The Meskine Catholic Private School, built and inaugurated on 25 June 2014, houses 115 students (55 boys and 60 girls), and is one of seven schools which receive children displaced by attacks perpetrated by Boko Haram. The project has as its objectives not only to contribute to the provision of universal basic education of all children in Cameroon, but specifically to guarantee primary education for these children. In order to facilitate this, the school planned to build two new classrooms, and a request was made to St. Anthony’s Charities for €18,000 to cover the building costs.


Three instalments



The first instalment of €6,000 was received on 29 December 2015, and work commenced on 15 January 2016. The first stage of the project involved creating the construction site, in particular to enable storage and to secure the materials, including the large quantities of cement purchased. “Breeze blocks to be used for the whole of the construction were then manufactured,” explains Djamba, “This was followed by excavation of the site and the laying of the foundations for the second phase.”
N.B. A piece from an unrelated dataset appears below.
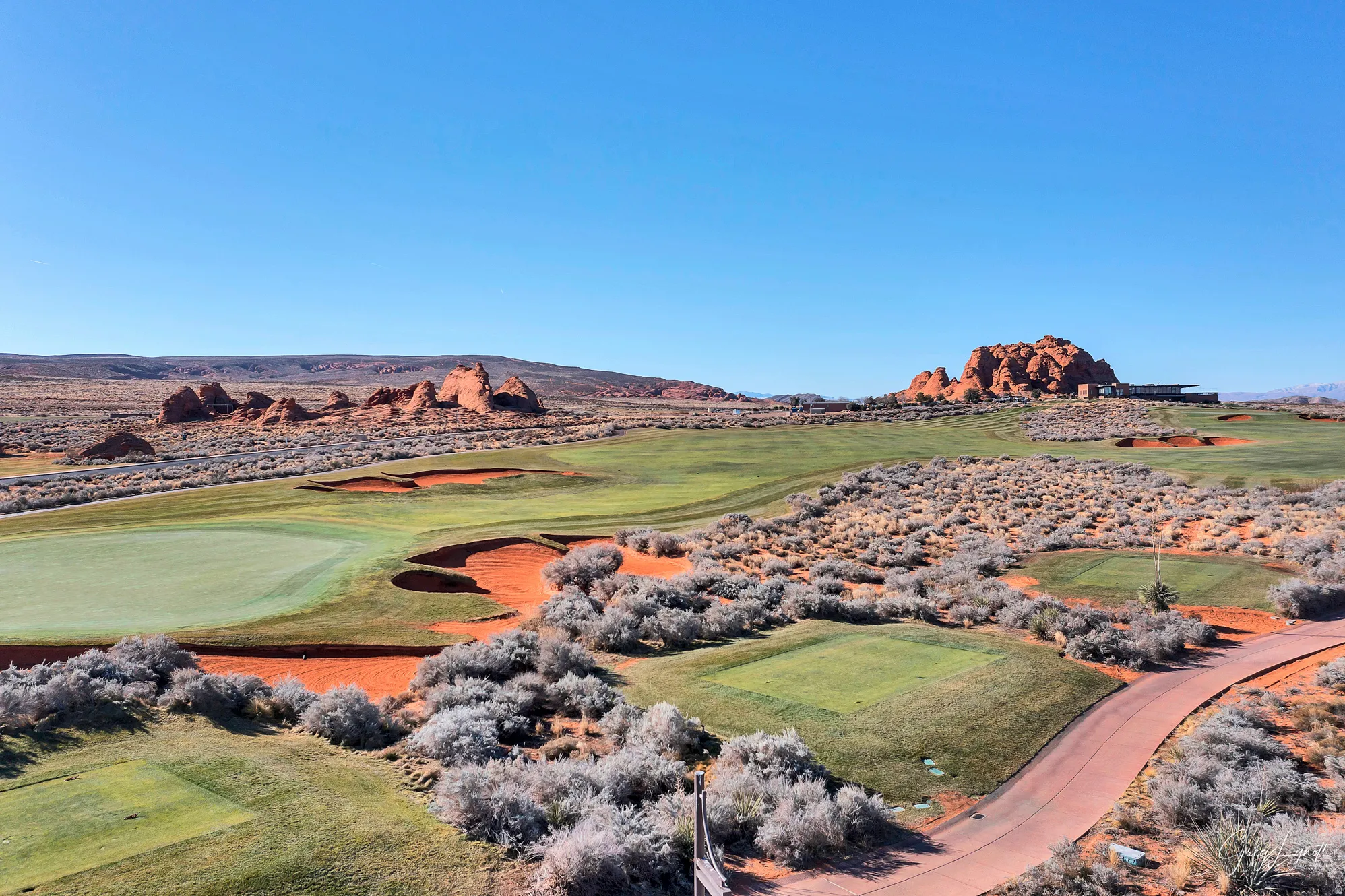 Expansive golf course featuring manicured greens and natural red rock landscaping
Following receipt of the second tranche of €6,000 work began on the next phase: this involved elevation of the walls, plastering, and the purchase and fitting of windows. “The construction company continued with work beyond the second phase because they also had other work in the area,” says Djamba. “They constructed the roof in order to prevent risks associated with the coming rainy season, which generally has drastic consequences in our zone.” The final instalment covered the cost of the roofing, finishing and fittings, and painting. The works were completed on 14 May 2016. “We estimate that around 100 students each year will benefit from these new classrooms,” adds Djamba.


Education weapon


In the future, responsibility for maintenance costs and teacher’s salaries will be assumed by the Maroua-Mokolo diocese. “The diocese provides an important part of the education of children and young people,” Djamba explains. “Education is one of the main weapons, if not the essential weapon, in the fight against intolerance, including the religious fundamentalism of the islamists of Boko Harem. In providing this education, we increase the chances of creating a society and environment of tolerance and interreligious dialogue. In the Far North Region we are moving from a feudal system to liberation which promotes private initiative and the emergence of formerly neglected groups of the mountainous regions of our diocese. There is a real beginning of open-mindedness: new agricultural techniques are being adopted, dialogue between couples is improving, the management of family assets is becoming more democratic, women are opening up to the education of children, there is an awareness of the importance of schooling for girls, and self-promotion. In our Christian communities, in our march towards the establishment of a society based on justice and fraternity, we are decided for Christ, and with Him to change our world, our villages and communities.”

“The educational situation in the Diocese of Maroua-Mokolo required particularly urgent action, especially for the reception of children displaced as a result of the actions of Boko Haram,” concludes Abbot Djamba. “The classrooms built at the Meskine Catholic Private School, thanks to St. Anthony’s Charities and the readers of the Messenger of Saint Anthony, will make a significant contribution to the elimination of the educational supply gap. Many displaced children in this area will now feel welcomed. We wish you all a prosperous 2017.”